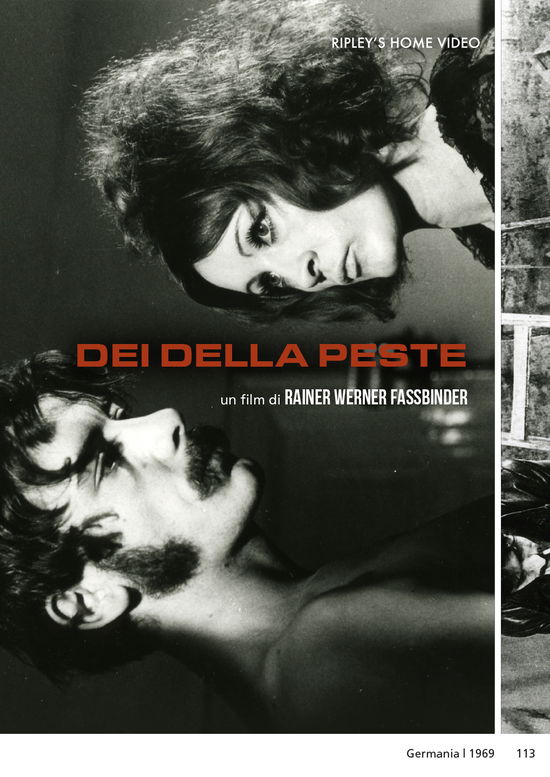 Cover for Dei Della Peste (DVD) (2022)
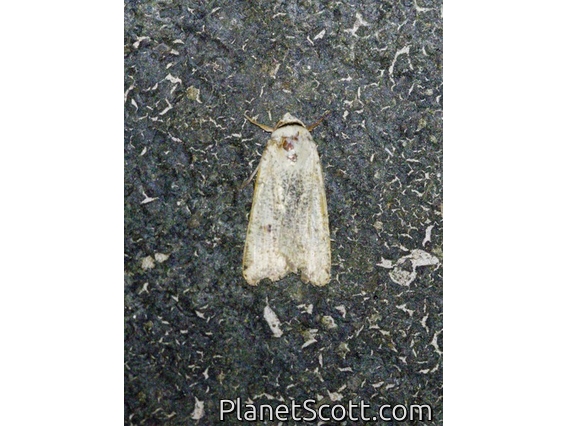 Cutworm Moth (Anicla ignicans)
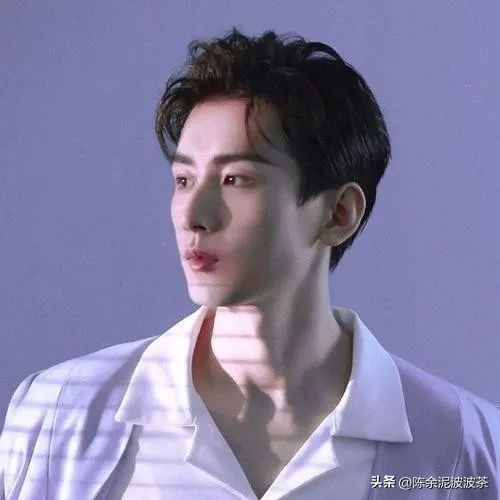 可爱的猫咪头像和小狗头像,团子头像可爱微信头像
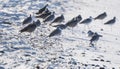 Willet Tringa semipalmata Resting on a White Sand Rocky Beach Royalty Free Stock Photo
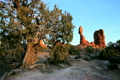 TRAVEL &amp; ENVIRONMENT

- What you need to do -
Starting with the line containing "Willet Tringa semipalmata" and ending with the last line of the records above, write out each line exactly; no pictures.

- Solution for this exercise -
 Willet Tringa semipalmata Resting on a White Sand Rocky Beach Royalty Free Stock Photo
 TRAVEL &amp; ENVIRONMENT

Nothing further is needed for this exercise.